Write out only the lines from the line that holds "Golden Leaves, Silent" to the end of the listing below, inclusive, with the pictures omitted.

Information shown
Segment Open

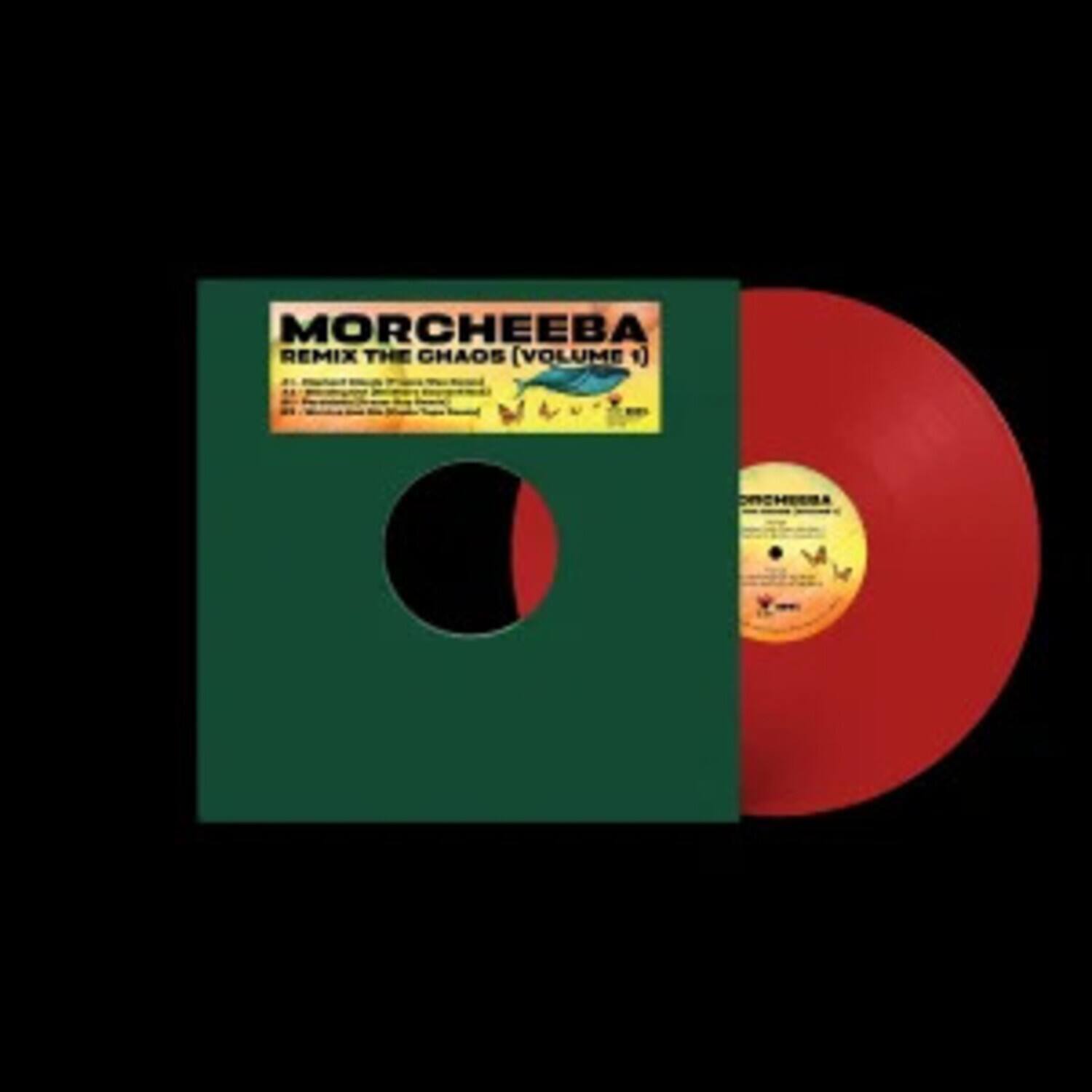 Morcheeba - Escape The Chaos (The Remixes) - Limited   - VINYL LP price history on PriceWatchPro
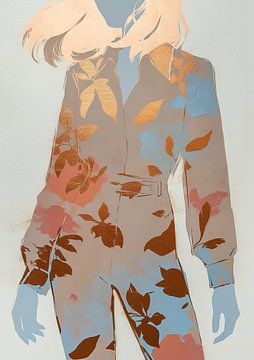 Golden Leaves, Silent Bond van De Mooiste Kunst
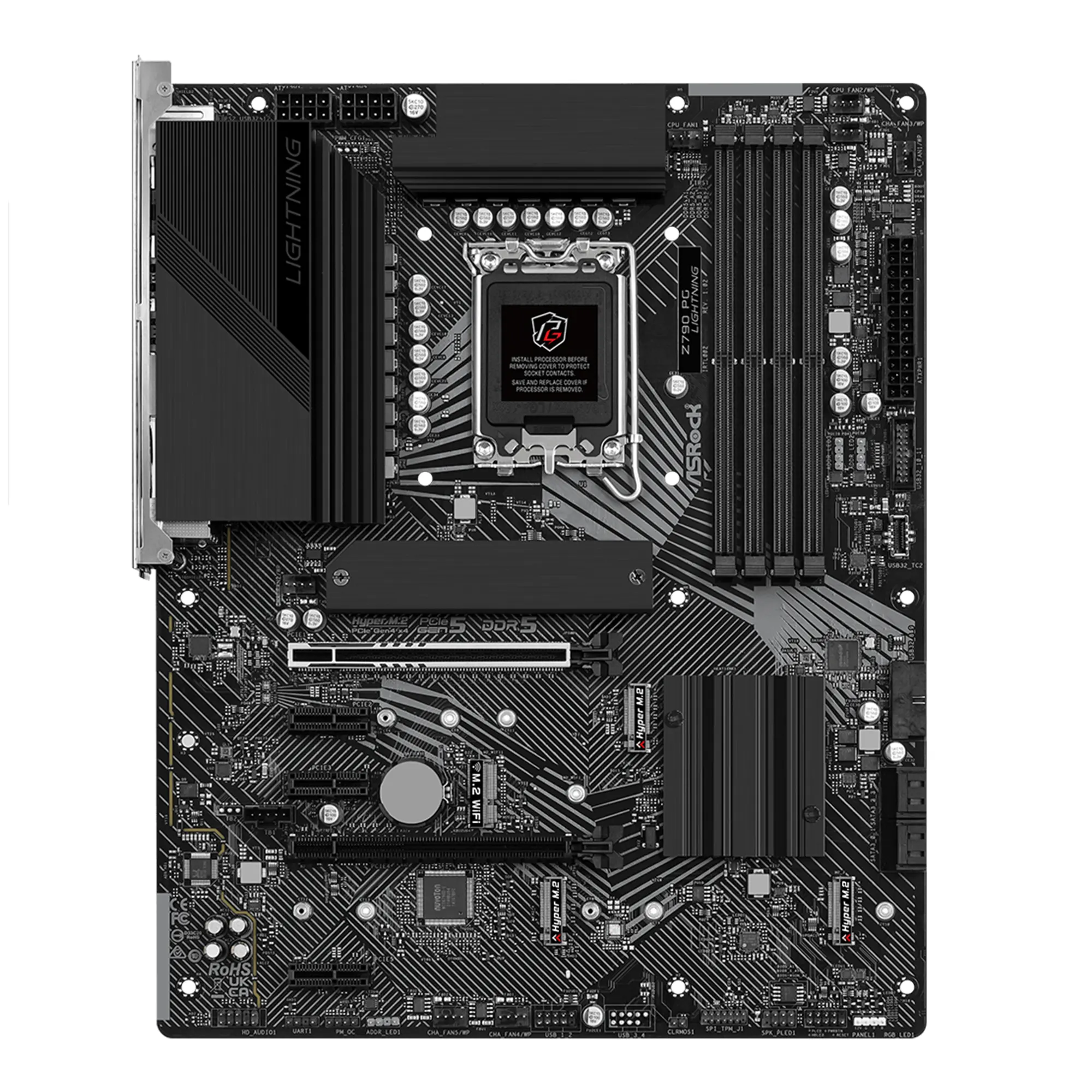 Купити Материнська плата ASRock Z790 PG LIGHTNING - фото 1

Segment Closed

Result of the task
 Golden Leaves, Silent Bond van De Mooiste Kunst
 Купити Материнська плата ASRock Z790 PG LIGHTNING - фото 1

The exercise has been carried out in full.